Transcribe the whole listing exactly, but do not carry over its pictures.

Start of Supplied records

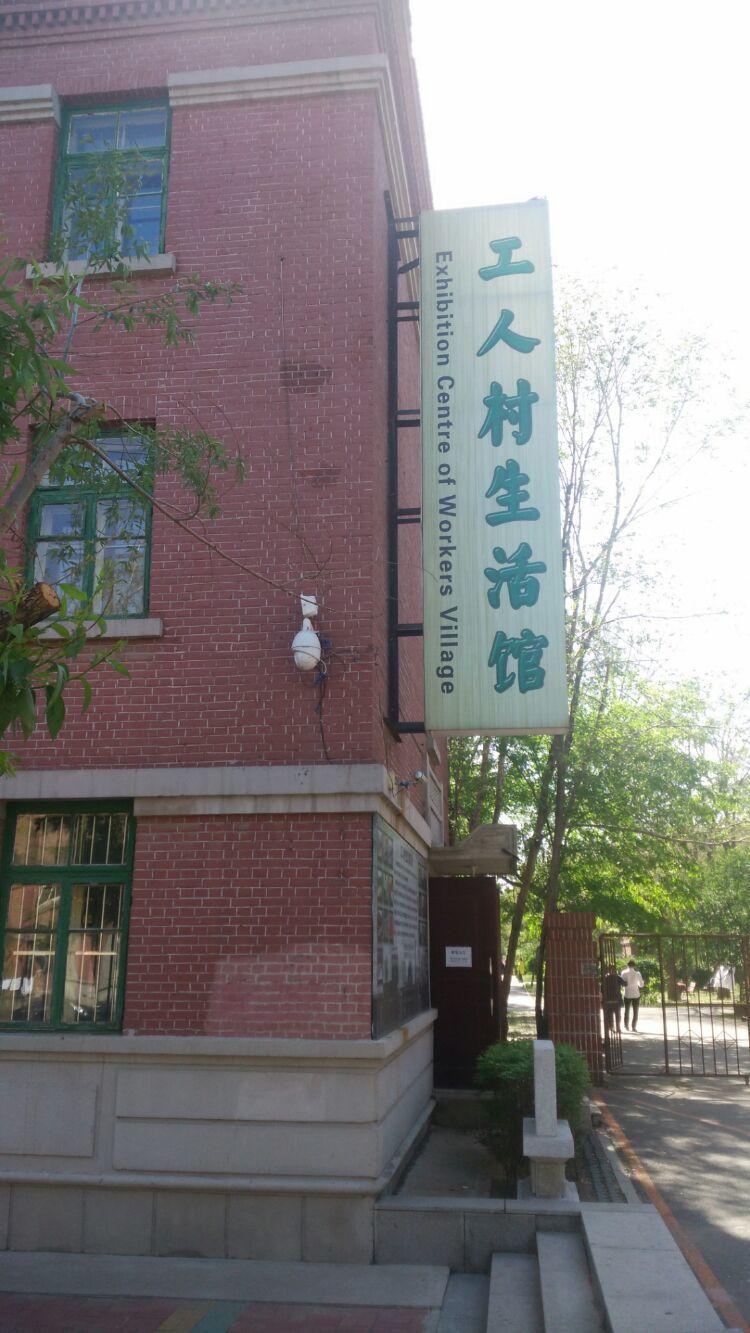 沈阳小时工招聘信息更新与市场分析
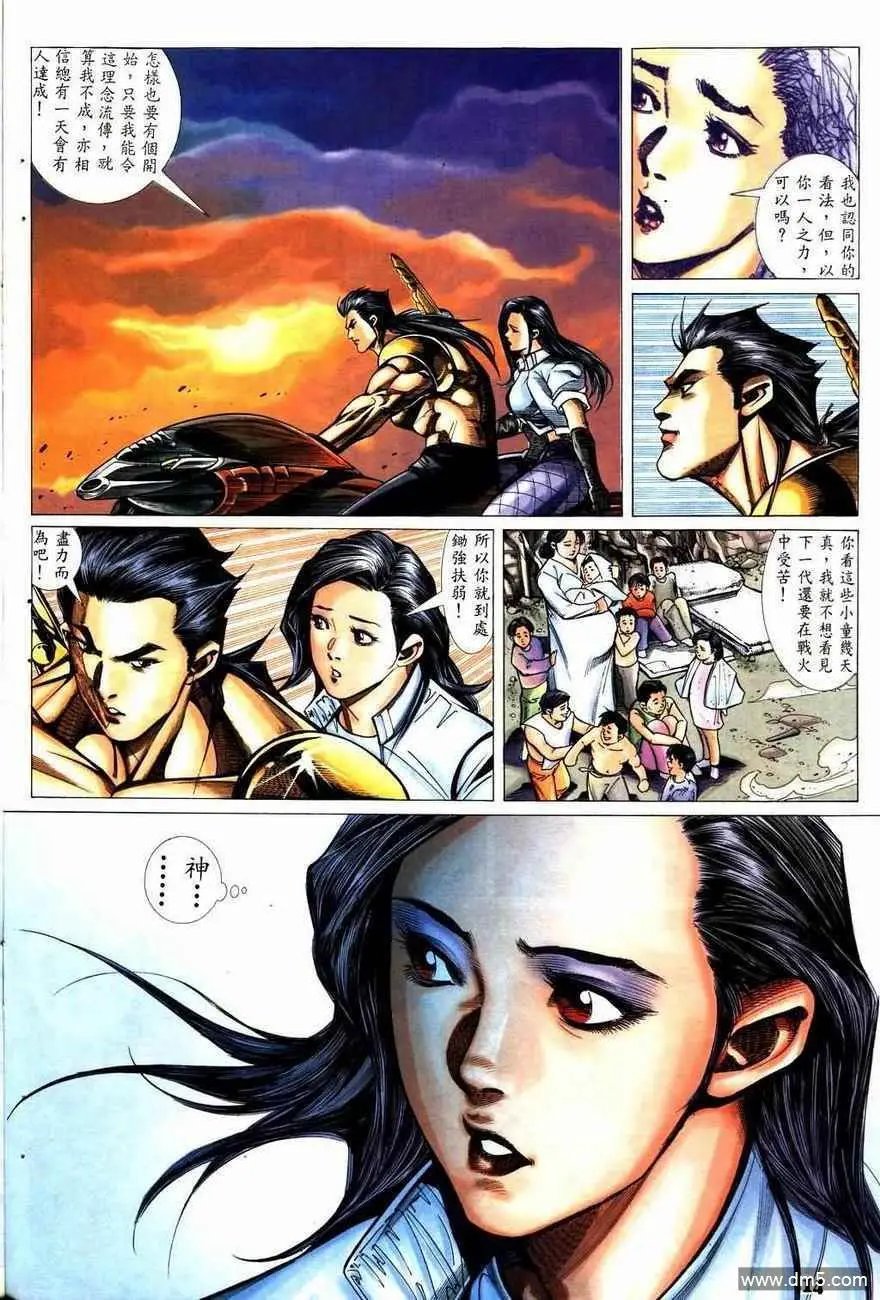第3回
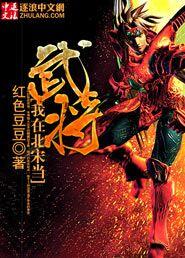北宋武将排名一览表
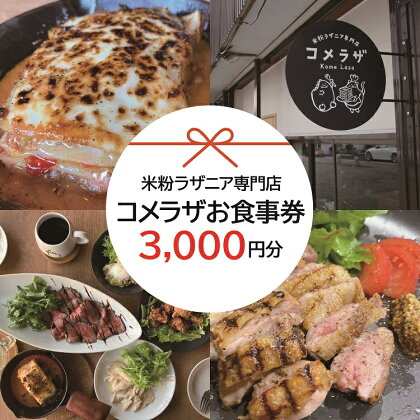 お食事券 米粉ラザニア専門店 コメラザ 長門市 3000円分券 長門市 (10070)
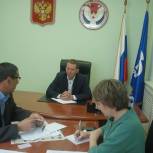 В Региональной общественной приёмной Председателя партии «Единая Россия» Д.А. Медведева прошел приём граждан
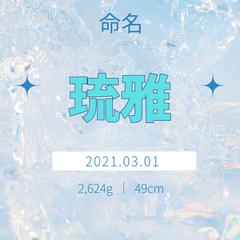 命名書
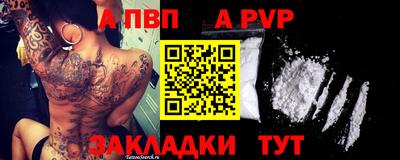 мефедрон VHQ Ирбит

End of Supplied records

> _Completed exercise_
 沈阳小时工招聘信息更新与市场分析
第3回
北宋武将排名一览表
 お食事券 米粉ラザニア専門店 コメラザ 長門市 3000円分券 長門市 (10070)
 В Региональной общественной приёмной Председателя партии «Единая Россия» Д.А. Медведева прошел приём граждан
 命名書
 мефедрон VHQ Ирбит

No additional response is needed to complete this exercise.